5.4.3 BLR Factorization with Static Pivoting.
Finally, in Table
5, we present the execution time and memory consumption of three iterative refinement variants (the same as in Section
5.4.2) for different values of the BLR compression threshold
\(\tau _b\) and a fixed value of the static pivoting perturbation
\(\tau _s\). All variants are stopped when they reach a forward error on the solution equivalent to the one of DMUMPS. If
\(\tau _s=\) partial, then the factorization is run in standard MUMPS threshold partial pivoting and the results are then equivalent to the BLR results of Section
5.4.1.
Theorem
4.1 applied to the case where BLR and static pivoting are used together states that the convergence conditions should be affected by the largest perturbations
\(\max (\tau _s, \tau _b)\) and the term
\(\rho _nu_f\), which depends on the growth factor.
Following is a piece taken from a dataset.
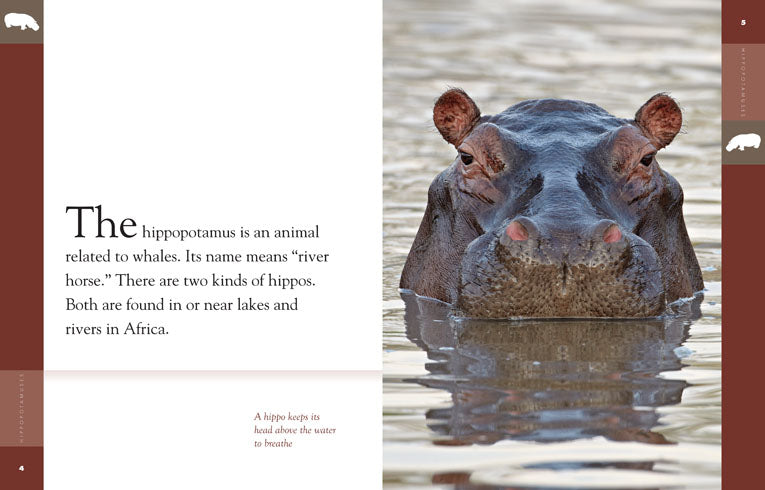 Amazing Animals - Classic Edition: Hippopotamuses by The Creative Company Shop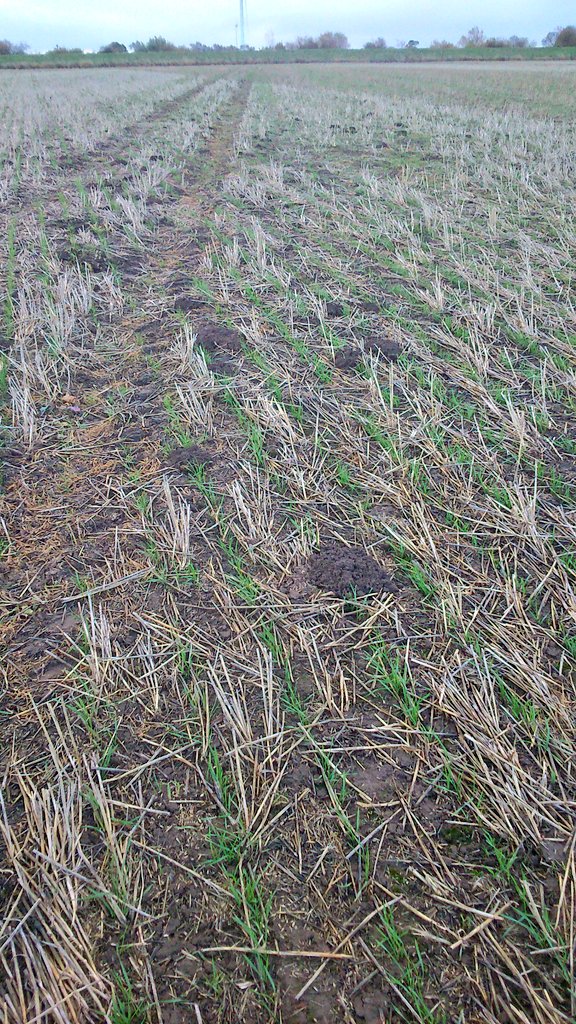 RBoldan's tweet photo. @CCCAgronomy similar into wheat straw. Moles moving more soil than the drill. #Metflow https://t.co/X938UZnziS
Our experiments confirm this: Values of
\(\tau _s\) or
\(\tau _b\) for which a given variant was not converging with BLR or static pivoting alone still do not converge when they are combined, and, conversely, variants that were converging for BLR and static pivoting alone still converge when these two approximations are used together. lfm_aug5M with
\(\tau _s=10^{-6}\) illustrates an interesting point of the error bound
\(\max (\tau _s,\tau _b)+\rho _nu_f\); convergence is only achieved for the variant that uses a double-precision factorization (
\(u_f={\rm\small D}\)), even for values of
\(\tau _b\) that are much larger than the unit roundoff of single precision. This shows that the rule of thumb that the factorizaton precision should be chosen as low as possible as long as
\(u_f \le \tau _b\) is not true in presence of large element growth, since a smaller value of
\(u_f\) can be beneficial to absorb a particularly large
\(\rho _n\).
While the reductions in execution time obtained by using static pivoting instead of partial pivoting were modest for the full-rank factorization, they are larger for the BLR factorization. Taking tminlet3M as an example, in full-rank the single-precision factorization LU-IR variant is only 1.12
\(\times\) (136 s/121 s) faster after the activation of the static pivoting (see Table
4), whereas in BLR it is 1.26
\(\times\) (88 s/70 s) faster (see Table
3). These better reductions are explained by the fact that in the BLR factorization, static pivoting also allows the panel reduction operation to be processed with low-rank operations [
7], which leads to a reduction of flops and thus a faster execution time.